■ **TASK BRIEF**
Send back the entries exactly as they were given.

■ **INFORMATION PROVIDED**
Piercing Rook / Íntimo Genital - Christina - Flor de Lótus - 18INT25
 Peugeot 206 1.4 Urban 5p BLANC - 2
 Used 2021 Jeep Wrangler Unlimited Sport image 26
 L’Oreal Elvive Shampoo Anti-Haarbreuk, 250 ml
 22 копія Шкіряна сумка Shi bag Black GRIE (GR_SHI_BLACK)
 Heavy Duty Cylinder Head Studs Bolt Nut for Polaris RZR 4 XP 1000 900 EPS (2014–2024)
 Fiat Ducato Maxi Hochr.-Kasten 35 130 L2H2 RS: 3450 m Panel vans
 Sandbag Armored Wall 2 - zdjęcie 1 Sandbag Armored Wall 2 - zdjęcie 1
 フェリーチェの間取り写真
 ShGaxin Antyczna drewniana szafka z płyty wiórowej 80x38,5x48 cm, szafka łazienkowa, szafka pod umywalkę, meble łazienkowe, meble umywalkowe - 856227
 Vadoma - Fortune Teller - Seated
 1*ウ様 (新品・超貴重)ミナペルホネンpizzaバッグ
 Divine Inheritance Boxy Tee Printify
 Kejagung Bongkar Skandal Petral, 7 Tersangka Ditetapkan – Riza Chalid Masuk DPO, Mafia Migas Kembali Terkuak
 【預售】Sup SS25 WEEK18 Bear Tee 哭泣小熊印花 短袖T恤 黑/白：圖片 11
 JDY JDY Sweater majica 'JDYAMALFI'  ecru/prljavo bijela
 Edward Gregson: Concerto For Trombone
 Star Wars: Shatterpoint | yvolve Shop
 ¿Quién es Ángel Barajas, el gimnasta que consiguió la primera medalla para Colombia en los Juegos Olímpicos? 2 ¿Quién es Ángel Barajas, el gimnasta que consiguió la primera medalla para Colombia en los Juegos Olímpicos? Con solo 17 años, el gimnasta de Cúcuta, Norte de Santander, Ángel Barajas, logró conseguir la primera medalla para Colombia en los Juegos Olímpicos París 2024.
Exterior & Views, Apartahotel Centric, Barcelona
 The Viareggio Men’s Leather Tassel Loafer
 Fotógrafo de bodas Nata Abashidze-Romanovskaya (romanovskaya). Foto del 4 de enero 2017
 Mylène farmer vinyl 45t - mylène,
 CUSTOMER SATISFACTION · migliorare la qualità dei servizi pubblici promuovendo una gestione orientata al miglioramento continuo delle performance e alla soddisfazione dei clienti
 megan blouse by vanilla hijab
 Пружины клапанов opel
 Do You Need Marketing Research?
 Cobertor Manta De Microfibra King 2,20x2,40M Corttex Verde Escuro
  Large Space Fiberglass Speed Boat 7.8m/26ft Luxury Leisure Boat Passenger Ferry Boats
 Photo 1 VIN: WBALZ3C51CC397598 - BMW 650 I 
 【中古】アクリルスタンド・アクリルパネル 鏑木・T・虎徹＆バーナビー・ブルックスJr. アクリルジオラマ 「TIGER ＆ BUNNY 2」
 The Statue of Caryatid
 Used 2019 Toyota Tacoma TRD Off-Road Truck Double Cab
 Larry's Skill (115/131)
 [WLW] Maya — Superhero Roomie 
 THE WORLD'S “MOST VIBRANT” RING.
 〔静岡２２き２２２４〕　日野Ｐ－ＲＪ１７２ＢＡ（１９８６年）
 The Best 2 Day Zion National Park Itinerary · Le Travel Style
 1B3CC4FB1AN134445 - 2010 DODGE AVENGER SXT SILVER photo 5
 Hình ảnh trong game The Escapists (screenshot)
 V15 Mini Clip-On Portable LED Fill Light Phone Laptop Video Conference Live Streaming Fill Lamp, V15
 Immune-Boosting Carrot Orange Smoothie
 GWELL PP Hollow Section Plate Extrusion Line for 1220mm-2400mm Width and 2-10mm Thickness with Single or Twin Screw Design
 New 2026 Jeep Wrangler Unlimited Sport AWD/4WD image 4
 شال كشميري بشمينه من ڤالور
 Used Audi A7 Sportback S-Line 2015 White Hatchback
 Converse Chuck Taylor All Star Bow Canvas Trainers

■ **WRITTEN ANSWER**
Piercing Rook / Íntimo Genital - Christina - Flor de Lótus - 18INT25
 Peugeot 206 1.4 Urban 5p BLANC - 2
 Used 2021 Jeep Wrangler Unlimited Sport image 26
 L’Oreal Elvive Shampoo Anti-Haarbreuk, 250 ml
 22 копія Шкіряна сумка Shi bag Black GRIE (GR_SHI_BLACK)
 Heavy Duty Cylinder Head Studs Bolt Nut for Polaris RZR 4 XP 1000 900 EPS (2014–2024)
 Fiat Ducato Maxi Hochr.-Kasten 35 130 L2H2 RS: 3450 m Panel vans
 Sandbag Armored Wall 2 - zdjęcie 1 Sandbag Armored Wall 2 - zdjęcie 1
 フェリーチェの間取り写真
 ShGaxin Antyczna drewniana szafka z płyty wiórowej 80x38,5x48 cm, szafka łazienkowa, szafka pod umywalkę, meble łazienkowe, meble umywalkowe - 856227
 Vadoma - Fortune Teller - Seated
 1*ウ様 (新品・超貴重)ミナペルホネンpizzaバッグ
 Divine Inheritance Boxy Tee Printify
 Kejagung Bongkar Skandal Petral, 7 Tersangka Ditetapkan – Riza Chalid Masuk DPO, Mafia Migas Kembali Terkuak
 【預售】Sup SS25 WEEK18 Bear Tee 哭泣小熊印花 短袖T恤 黑/白：圖片 11
 JDY JDY Sweater majica 'JDYAMALFI'  ecru/prljavo bijela
 Edward Gregson: Concerto For Trombone
 Star Wars: Shatterpoint | yvolve Shop
 ¿Quién es Ángel Barajas, el gimnasta que consiguió la primera medalla para Colombia en los Juegos Olímpicos? 2 ¿Quién es Ángel Barajas, el gimnasta que consiguió la primera medalla para Colombia en los Juegos Olímpicos? Con solo 17 años, el gimnasta de Cúcuta, Norte de Santander, Ángel Barajas, logró conseguir la primera medalla para Colombia en los Juegos Olímpicos París 2024.
Exterior & Views, Apartahotel Centric, Barcelona
 The Viareggio Men’s Leather Tassel Loafer
 Fotógrafo de bodas Nata Abashidze-Romanovskaya (romanovskaya). Foto del 4 de enero 2017
 Mylène farmer vinyl 45t - mylène,
 CUSTOMER SATISFACTION · migliorare la qualità dei servizi pubblici promuovendo una gestione orientata al miglioramento continuo delle performance e alla soddisfazione dei clienti
 megan blouse by vanilla hijab
 Пружины клапанов opel
 Do You Need Marketing Research?
 Cobertor Manta De Microfibra King 2,20x2,40M Corttex Verde Escuro
  Large Space Fiberglass Speed Boat 7.8m/26ft Luxury Leisure Boat Passenger Ferry Boats
 Photo 1 VIN: WBALZ3C51CC397598 - BMW 650 I 
 【中古】アクリルスタンド・アクリルパネル 鏑木・T・虎徹＆バーナビー・ブルックスJr. アクリルジオラマ 「TIGER ＆ BUNNY 2」
 The Statue of Caryatid
 Used 2019 Toyota Tacoma TRD Off-Road Truck Double Cab
 Larry's Skill (115/131)
 [WLW] Maya — Superhero Roomie 
 THE WORLD'S “MOST VIBRANT” RING.
 〔静岡２２き２２２４〕　日野Ｐ－ＲＪ１７２ＢＡ（１９８６年）
 The Best 2 Day Zion National Park Itinerary · Le Travel Style
 1B3CC4FB1AN134445 - 2010 DODGE AVENGER SXT SILVER photo 5
 Hình ảnh trong game The Escapists (screenshot)
 V15 Mini Clip-On Portable LED Fill Light Phone Laptop Video Conference Live Streaming Fill Lamp, V15
 Immune-Boosting Carrot Orange Smoothie
 GWELL PP Hollow Section Plate Extrusion Line for 1220mm-2400mm Width and 2-10mm Thickness with Single or Twin Screw Design
 New 2026 Jeep Wrangler Unlimited Sport AWD/4WD image 4
 شال كشميري بشمينه من ڤالور
 Used Audi A7 Sportback S-Line 2015 White Hatchback
 Converse Chuck Taylor All Star Bow Canvas Trainers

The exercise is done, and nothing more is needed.